— What to produce —
Each line from the one containing "外媒：中国科学家团队发现，长期运动中肾脏自然产生的甜菜碱可延缓衰老。研究揭示，" through the last line of the data below should be printed exactly, please, with any pictures omitted.

— Data provided —
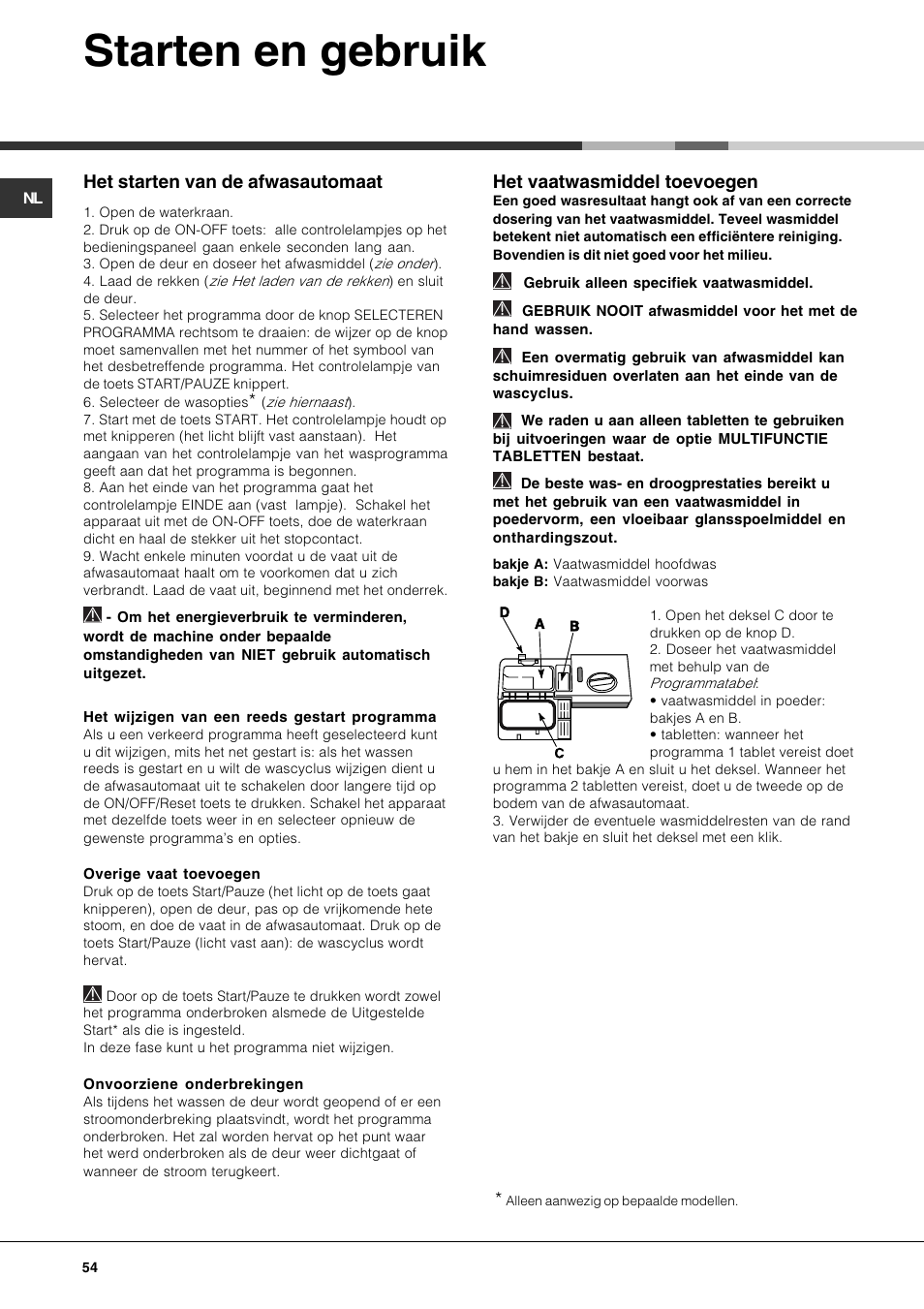 Starten en gebruik, Het starten van de afwasautomaat, Het vaatwasmiddel toevoegen | Hotpoint Ariston LSF 723 User Manual | Page 54 / 84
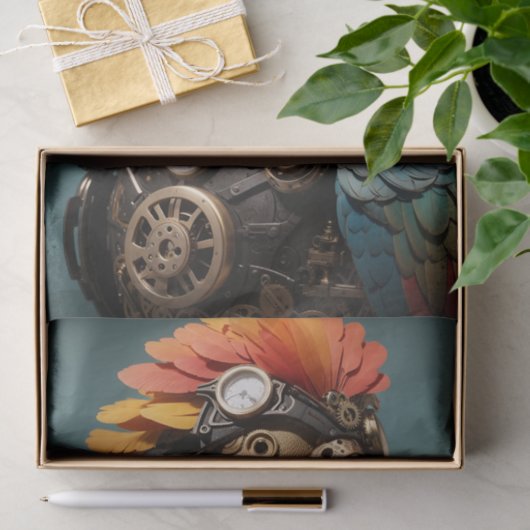 Stijlvolle blauwe Steampunk Decoupage Parrot Tissuepapier (Geschenk)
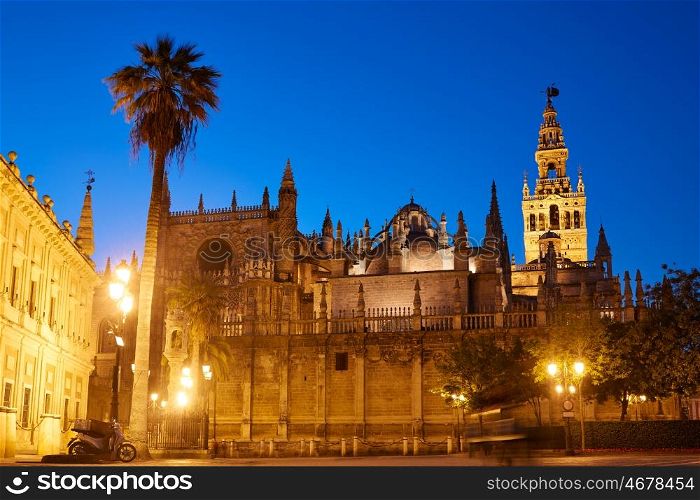 Seville cathedral sunset and Giralda in Sevilla Andalusia Spain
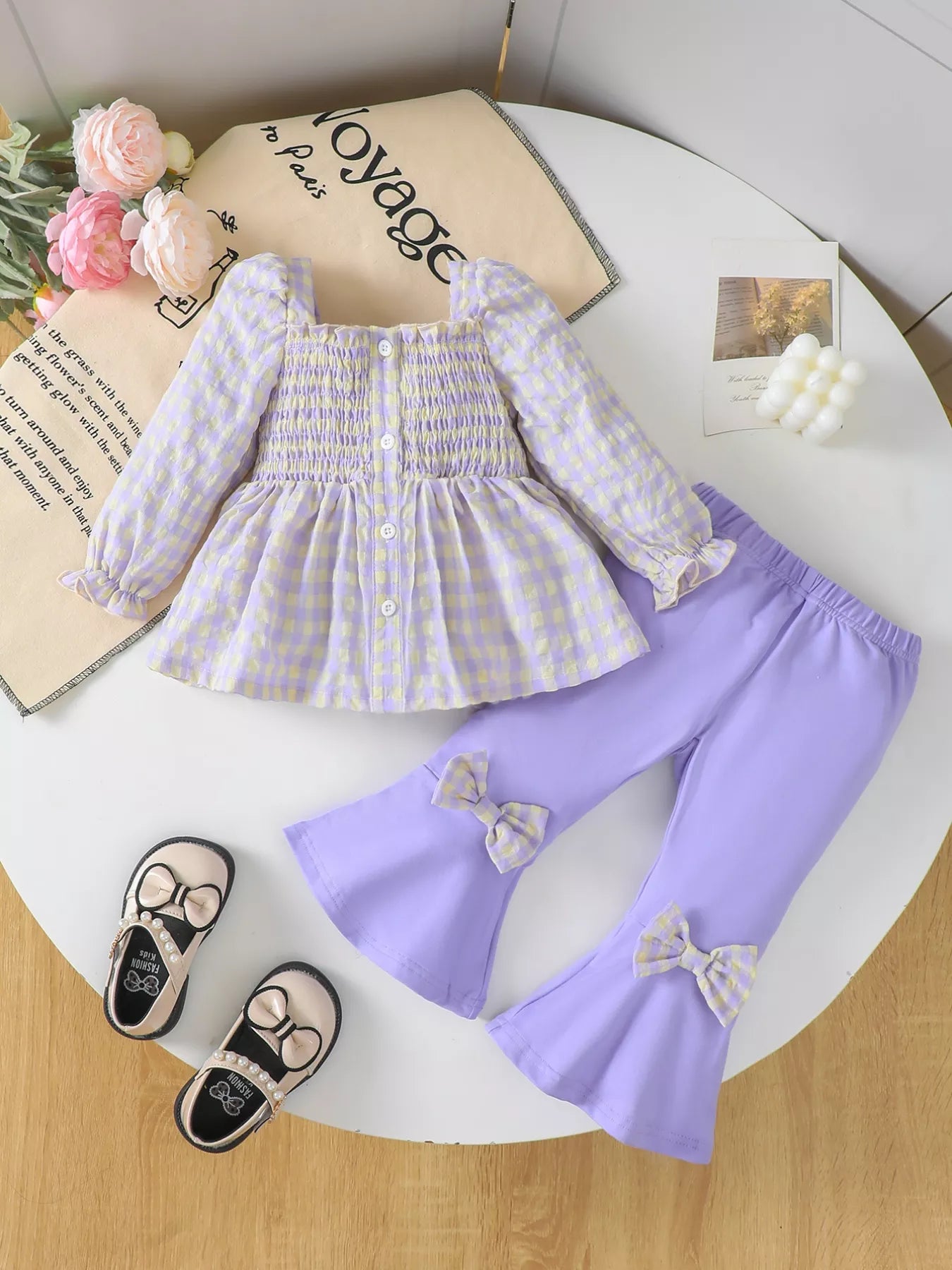 Children&amp;#39;s Gingham Smocked Top and Bow Pants Set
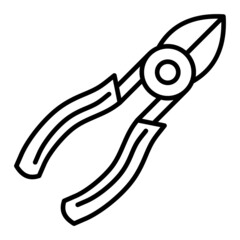 Pliers Vector Outline Icon Isolated On White Background
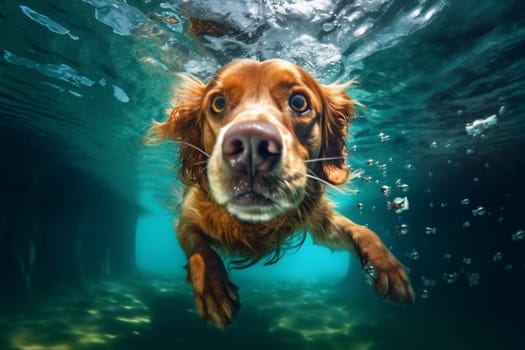 dog pool happy snorkeling fun funny swimming game pet swimming popular holiday water swim adorable underwater outdoor pool active vacation puppy. Generative AI.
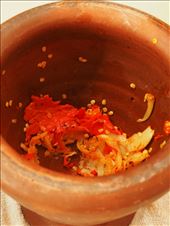 Chilies, garlics and red onions grinded in the mortar.: by wanweena_t, Views[262]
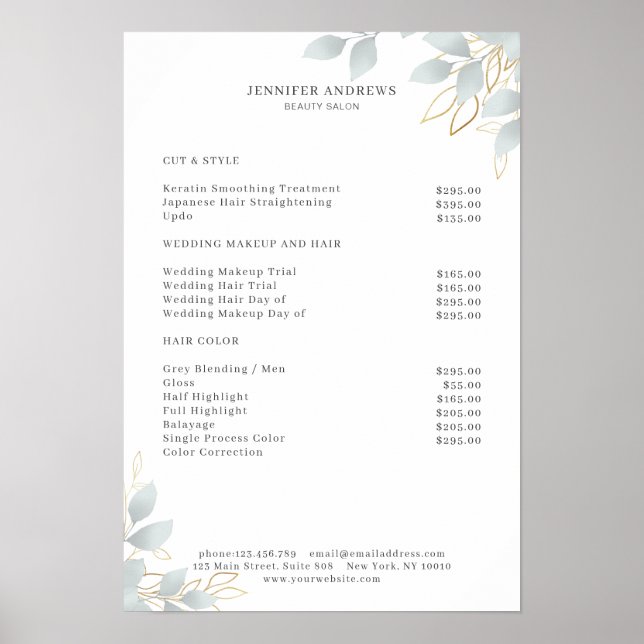 Poster de Folha Branca Moderna (Frente)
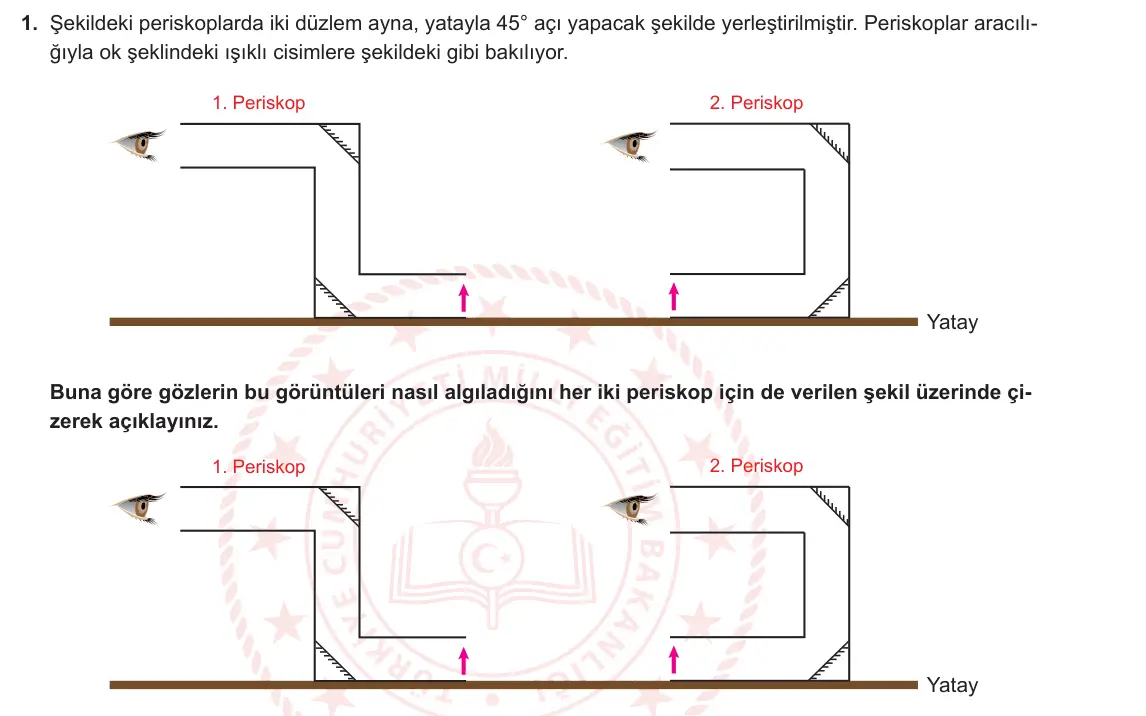 10. Sınıf Fizik 2024-2025 2. Dönem 2. Yazılı 1. Soru görseli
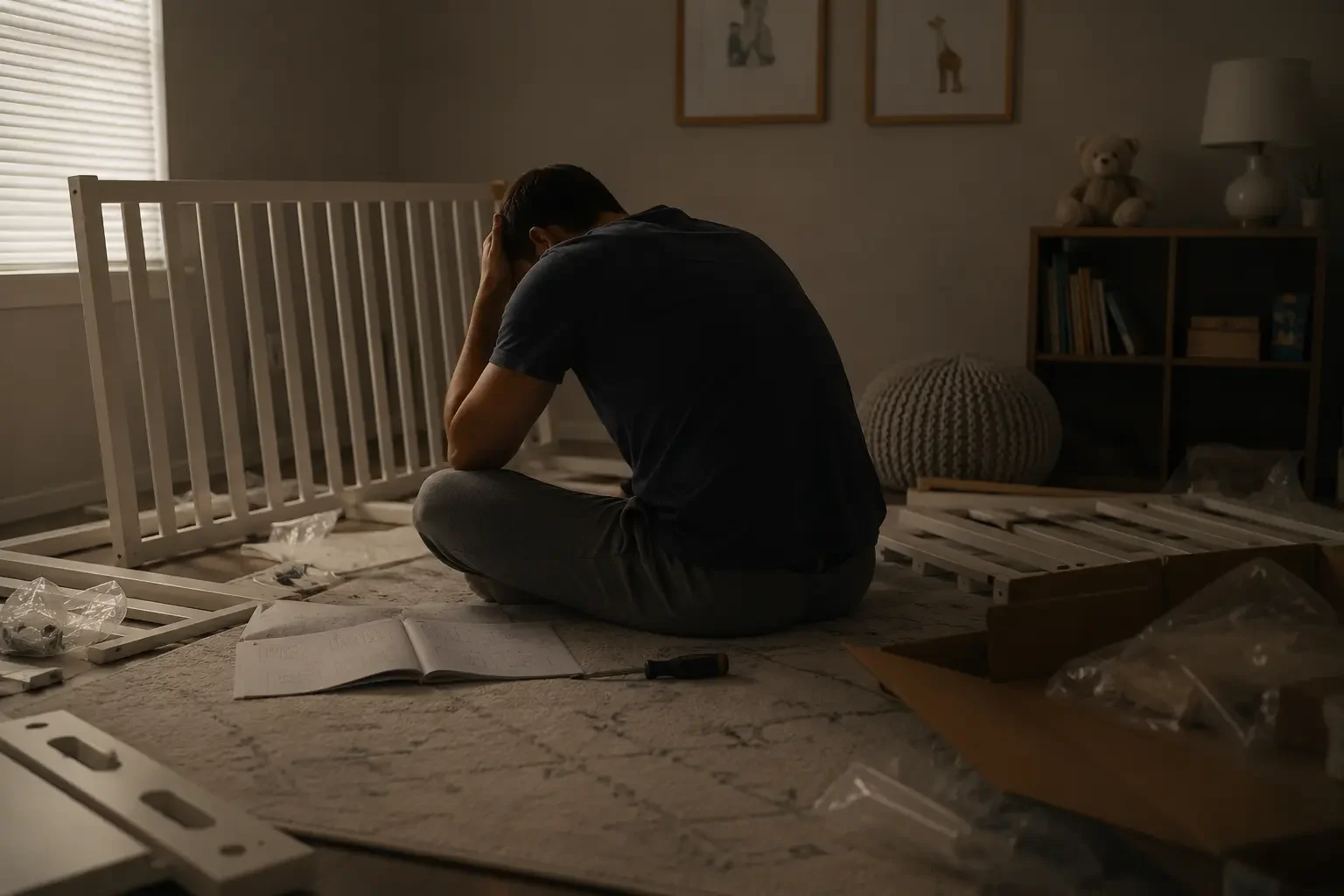 Dad assembling baby crib — preparing before baby arrives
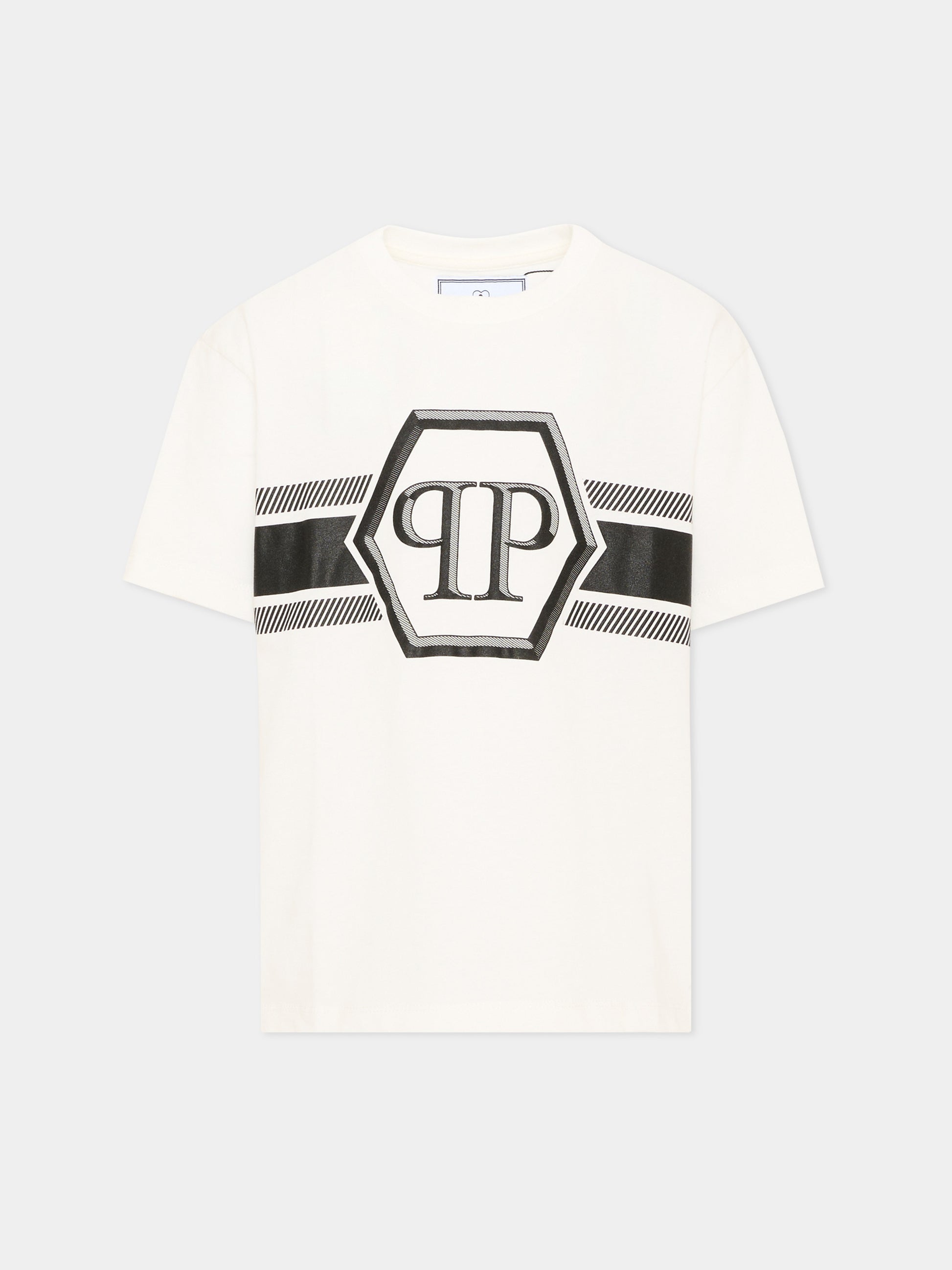 T-shirt avorio per bambino con logo,Philipp Plein Junior,S6PHJBTH054 002
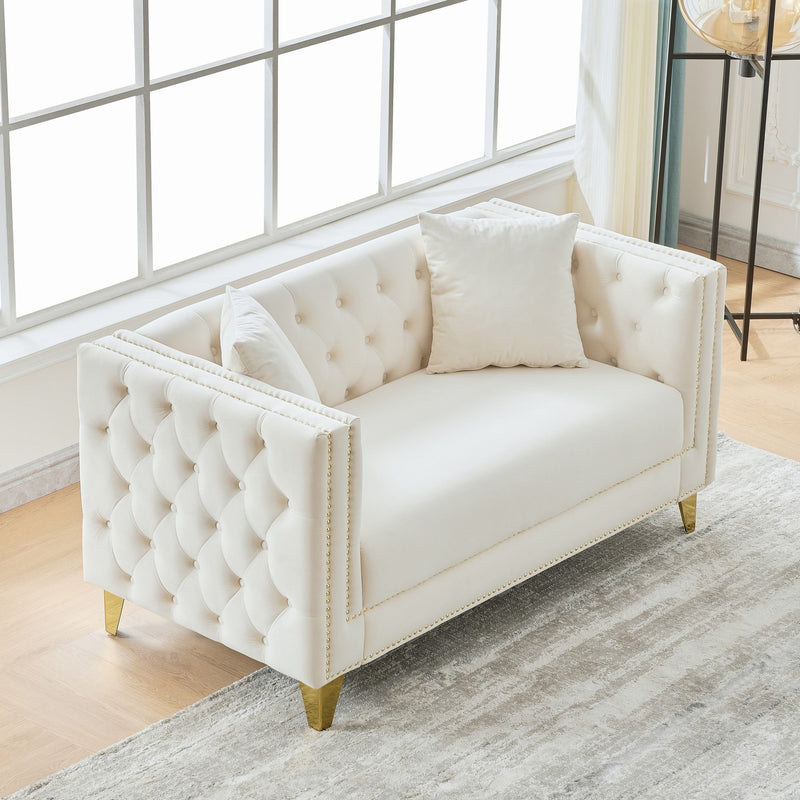2 Seater Deep Seat Sofa, Sofa With Button Nailhead, Square Arm Couches, Furniture For Living Room - Beige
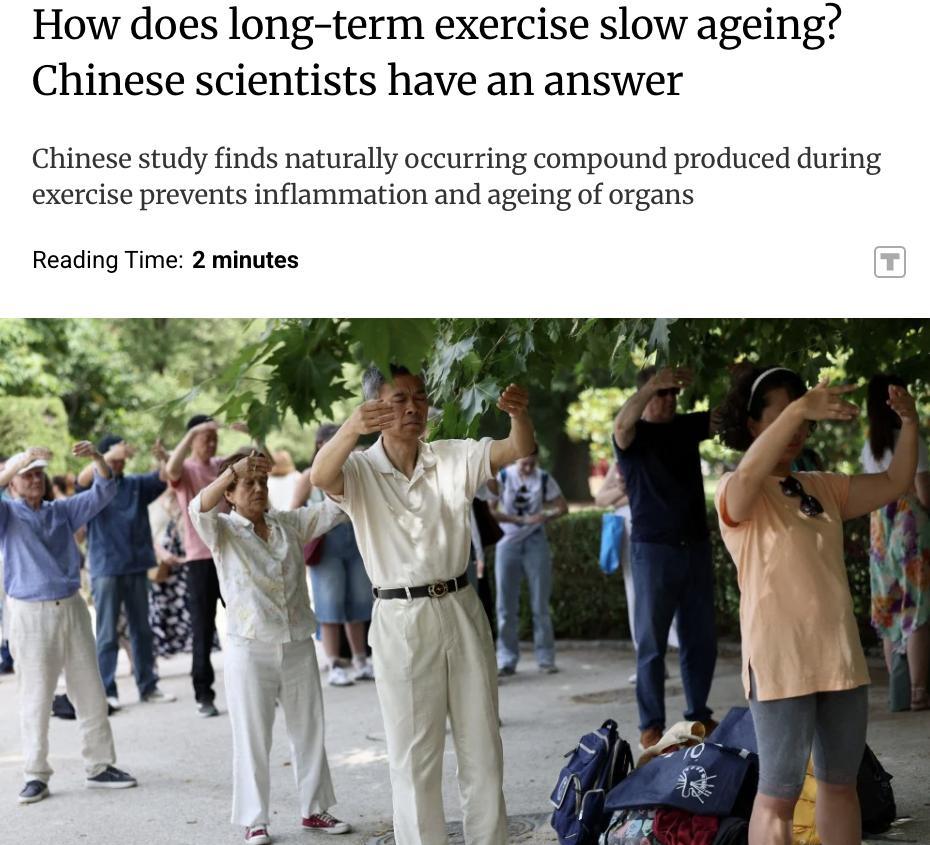 外媒：中国科学家团队发现，长期运动中肾脏自然产生的甜菜碱可延缓衰老。研究揭示，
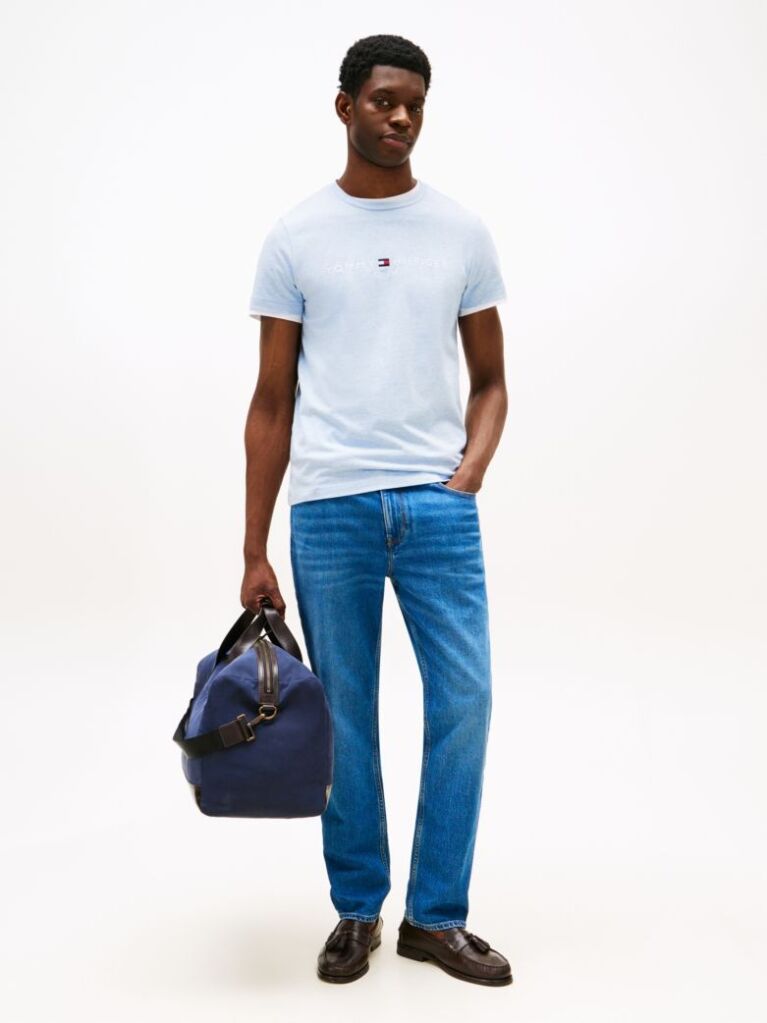 Blue Tricou Slim Fit Cu Logo  Barbati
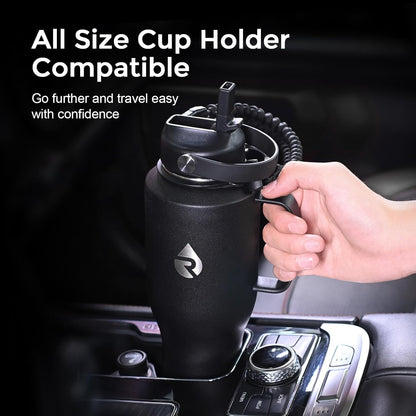 RAYMYLO 40 oz Insulated Water Bottle with Straw fit in Car Cup Holder, Triple Wall Vacuum Stainless Steel(Cold 48 hrs, Hot 24 hrs), Leakproof & Non-BPA, Hydro Travel Flask with Straw and Spout Lid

— Result for this task —
 外媒：中国科学家团队发现，长期运动中肾脏自然产生的甜菜碱可延缓衰老。研究揭示，
 Blue Tricou Slim Fit Cu Logo  Barbati
 RAYMYLO 40 oz Insulated Water Bottle with Straw fit in Car Cup Holder, Triple Wall Vacuum Stainless Steel(Cold 48 hrs, Hot 24 hrs), Leakproof & Non-BPA, Hydro Travel Flask with Straw and Spout Lid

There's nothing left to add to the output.